### THE PROBLEM
Pull from the data below each line where the word "Hyundai" occurs, and copy it.
========
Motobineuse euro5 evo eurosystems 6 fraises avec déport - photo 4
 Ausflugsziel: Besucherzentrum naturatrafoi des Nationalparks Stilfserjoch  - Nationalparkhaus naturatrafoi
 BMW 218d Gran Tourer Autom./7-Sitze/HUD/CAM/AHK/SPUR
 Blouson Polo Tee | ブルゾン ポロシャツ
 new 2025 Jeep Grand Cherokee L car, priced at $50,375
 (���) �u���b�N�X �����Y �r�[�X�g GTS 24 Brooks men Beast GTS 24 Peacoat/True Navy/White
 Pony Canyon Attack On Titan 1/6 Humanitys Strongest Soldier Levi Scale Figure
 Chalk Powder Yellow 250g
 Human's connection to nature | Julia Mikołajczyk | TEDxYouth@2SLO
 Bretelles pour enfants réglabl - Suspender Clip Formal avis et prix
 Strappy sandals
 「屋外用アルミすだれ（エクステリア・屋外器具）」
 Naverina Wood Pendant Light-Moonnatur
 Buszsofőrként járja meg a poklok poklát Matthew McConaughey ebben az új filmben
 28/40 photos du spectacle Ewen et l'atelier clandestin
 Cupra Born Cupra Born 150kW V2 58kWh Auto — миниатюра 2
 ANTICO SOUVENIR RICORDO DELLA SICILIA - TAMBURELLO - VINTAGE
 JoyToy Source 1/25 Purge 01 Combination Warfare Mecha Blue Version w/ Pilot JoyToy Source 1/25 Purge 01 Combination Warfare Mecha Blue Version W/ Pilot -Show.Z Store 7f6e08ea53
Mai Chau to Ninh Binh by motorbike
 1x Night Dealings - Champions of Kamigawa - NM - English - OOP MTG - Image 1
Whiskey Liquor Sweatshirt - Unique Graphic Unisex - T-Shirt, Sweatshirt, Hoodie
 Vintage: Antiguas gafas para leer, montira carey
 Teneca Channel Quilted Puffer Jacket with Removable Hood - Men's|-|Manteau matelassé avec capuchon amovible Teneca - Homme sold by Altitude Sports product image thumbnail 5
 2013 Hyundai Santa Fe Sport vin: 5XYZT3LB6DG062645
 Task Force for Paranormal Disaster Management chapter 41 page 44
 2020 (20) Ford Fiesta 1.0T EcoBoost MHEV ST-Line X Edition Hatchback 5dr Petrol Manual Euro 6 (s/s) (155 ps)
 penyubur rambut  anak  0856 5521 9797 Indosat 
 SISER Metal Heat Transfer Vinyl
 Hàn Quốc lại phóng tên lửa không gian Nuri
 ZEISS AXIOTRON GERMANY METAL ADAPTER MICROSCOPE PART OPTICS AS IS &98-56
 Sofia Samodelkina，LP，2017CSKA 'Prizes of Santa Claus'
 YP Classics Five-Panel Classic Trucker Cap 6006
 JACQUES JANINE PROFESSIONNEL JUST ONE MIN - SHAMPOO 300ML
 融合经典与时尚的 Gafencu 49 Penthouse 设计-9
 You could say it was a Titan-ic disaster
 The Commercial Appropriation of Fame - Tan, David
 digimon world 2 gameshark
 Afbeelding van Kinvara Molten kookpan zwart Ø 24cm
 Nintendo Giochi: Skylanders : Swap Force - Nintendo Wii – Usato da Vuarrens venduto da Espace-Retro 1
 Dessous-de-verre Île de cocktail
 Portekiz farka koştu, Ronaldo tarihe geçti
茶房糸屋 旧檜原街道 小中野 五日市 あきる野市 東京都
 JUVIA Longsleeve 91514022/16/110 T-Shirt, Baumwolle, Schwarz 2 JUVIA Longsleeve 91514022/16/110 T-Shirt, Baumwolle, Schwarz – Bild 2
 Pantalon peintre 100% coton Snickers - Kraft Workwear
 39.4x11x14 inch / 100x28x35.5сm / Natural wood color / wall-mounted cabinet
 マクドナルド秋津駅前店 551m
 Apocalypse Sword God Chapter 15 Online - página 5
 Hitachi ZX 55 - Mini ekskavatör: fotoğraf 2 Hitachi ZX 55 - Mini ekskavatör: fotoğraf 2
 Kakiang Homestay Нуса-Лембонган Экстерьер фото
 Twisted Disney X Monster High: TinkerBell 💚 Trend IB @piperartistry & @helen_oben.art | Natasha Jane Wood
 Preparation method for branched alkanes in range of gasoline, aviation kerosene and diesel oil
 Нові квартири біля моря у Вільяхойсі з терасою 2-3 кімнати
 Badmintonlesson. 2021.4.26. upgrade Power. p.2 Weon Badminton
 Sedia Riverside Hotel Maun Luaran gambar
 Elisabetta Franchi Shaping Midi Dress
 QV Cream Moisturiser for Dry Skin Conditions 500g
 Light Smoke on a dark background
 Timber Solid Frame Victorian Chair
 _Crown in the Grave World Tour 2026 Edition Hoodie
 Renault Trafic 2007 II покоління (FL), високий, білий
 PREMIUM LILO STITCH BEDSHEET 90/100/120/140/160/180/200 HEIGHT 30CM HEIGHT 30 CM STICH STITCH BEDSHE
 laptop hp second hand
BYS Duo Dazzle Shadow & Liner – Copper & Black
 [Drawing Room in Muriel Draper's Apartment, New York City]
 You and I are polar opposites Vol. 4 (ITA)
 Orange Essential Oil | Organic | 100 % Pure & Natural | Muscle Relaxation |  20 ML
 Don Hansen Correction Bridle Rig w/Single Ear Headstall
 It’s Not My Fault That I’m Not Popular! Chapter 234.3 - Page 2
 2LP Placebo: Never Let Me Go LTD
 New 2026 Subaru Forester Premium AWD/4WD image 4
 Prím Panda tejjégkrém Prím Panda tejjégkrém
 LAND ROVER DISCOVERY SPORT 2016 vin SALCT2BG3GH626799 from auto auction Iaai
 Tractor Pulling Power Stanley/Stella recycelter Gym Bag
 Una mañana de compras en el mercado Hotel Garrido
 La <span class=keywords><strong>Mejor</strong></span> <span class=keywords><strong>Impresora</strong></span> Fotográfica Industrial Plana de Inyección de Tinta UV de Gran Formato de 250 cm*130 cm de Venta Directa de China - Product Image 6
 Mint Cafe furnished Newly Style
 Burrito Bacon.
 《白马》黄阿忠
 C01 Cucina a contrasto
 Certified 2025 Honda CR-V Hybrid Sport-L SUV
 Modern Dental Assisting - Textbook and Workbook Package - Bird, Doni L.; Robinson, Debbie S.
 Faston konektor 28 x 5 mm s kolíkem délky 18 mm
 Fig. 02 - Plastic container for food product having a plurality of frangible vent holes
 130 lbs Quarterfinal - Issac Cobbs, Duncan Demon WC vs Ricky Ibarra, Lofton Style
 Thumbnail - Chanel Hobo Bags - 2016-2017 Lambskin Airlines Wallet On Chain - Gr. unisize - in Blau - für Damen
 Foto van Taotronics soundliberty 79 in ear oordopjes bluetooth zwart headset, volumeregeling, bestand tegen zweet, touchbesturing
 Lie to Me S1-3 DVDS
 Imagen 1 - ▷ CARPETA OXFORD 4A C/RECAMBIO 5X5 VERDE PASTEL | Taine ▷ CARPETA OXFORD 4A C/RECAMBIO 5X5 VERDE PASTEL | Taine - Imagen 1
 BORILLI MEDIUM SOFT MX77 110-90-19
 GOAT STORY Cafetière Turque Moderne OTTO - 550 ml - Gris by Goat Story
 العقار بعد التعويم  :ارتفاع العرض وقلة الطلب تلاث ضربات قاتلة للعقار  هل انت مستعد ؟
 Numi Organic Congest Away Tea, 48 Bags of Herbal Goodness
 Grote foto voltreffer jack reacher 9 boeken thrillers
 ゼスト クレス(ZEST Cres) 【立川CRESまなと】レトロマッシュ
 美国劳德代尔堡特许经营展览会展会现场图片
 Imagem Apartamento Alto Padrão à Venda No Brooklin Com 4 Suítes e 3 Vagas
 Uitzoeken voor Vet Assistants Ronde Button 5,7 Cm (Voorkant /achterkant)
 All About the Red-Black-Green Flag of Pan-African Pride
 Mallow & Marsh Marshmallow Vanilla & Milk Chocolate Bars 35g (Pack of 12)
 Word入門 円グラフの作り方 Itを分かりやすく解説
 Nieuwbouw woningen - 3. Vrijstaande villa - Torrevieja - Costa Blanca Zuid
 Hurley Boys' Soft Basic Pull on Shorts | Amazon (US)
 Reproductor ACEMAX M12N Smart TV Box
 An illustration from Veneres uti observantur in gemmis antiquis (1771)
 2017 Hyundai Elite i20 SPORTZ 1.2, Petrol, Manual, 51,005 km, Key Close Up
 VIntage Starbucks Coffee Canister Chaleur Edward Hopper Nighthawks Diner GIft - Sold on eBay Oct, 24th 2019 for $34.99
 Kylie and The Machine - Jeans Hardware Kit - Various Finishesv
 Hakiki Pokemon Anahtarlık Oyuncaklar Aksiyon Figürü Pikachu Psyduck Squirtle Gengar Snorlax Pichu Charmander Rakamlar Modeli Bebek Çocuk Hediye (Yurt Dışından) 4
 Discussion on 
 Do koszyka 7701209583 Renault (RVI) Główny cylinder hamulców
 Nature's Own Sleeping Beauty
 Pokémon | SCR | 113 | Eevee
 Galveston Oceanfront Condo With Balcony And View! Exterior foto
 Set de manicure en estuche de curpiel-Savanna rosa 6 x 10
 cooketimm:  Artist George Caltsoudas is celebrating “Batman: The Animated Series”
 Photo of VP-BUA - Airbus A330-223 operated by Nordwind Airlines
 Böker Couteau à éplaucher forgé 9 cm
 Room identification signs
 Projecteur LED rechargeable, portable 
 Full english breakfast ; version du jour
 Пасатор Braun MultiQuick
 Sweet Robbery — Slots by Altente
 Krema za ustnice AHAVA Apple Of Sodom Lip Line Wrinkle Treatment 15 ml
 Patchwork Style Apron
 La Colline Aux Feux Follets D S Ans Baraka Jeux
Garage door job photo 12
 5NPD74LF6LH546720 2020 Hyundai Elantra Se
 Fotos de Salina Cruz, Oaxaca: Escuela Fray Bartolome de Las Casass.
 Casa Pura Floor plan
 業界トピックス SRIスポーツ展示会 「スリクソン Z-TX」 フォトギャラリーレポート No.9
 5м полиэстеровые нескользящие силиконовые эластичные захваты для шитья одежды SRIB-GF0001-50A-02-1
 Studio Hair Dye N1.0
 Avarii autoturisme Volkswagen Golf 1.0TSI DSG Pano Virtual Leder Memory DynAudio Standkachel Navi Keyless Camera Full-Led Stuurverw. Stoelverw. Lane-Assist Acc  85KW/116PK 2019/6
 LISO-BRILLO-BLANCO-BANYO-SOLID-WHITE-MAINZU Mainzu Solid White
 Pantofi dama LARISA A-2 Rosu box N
========
### RESULT OF THIS EXERCISE
 2013 Hyundai Santa Fe Sport vin: 5XYZT3LB6DG062645
 2017 Hyundai Elite i20 SPORTZ 1.2, Petrol, Manual, 51,005 km, Key Close Up
 5NPD74LF6LH546720 2020 Hyundai Elantra Se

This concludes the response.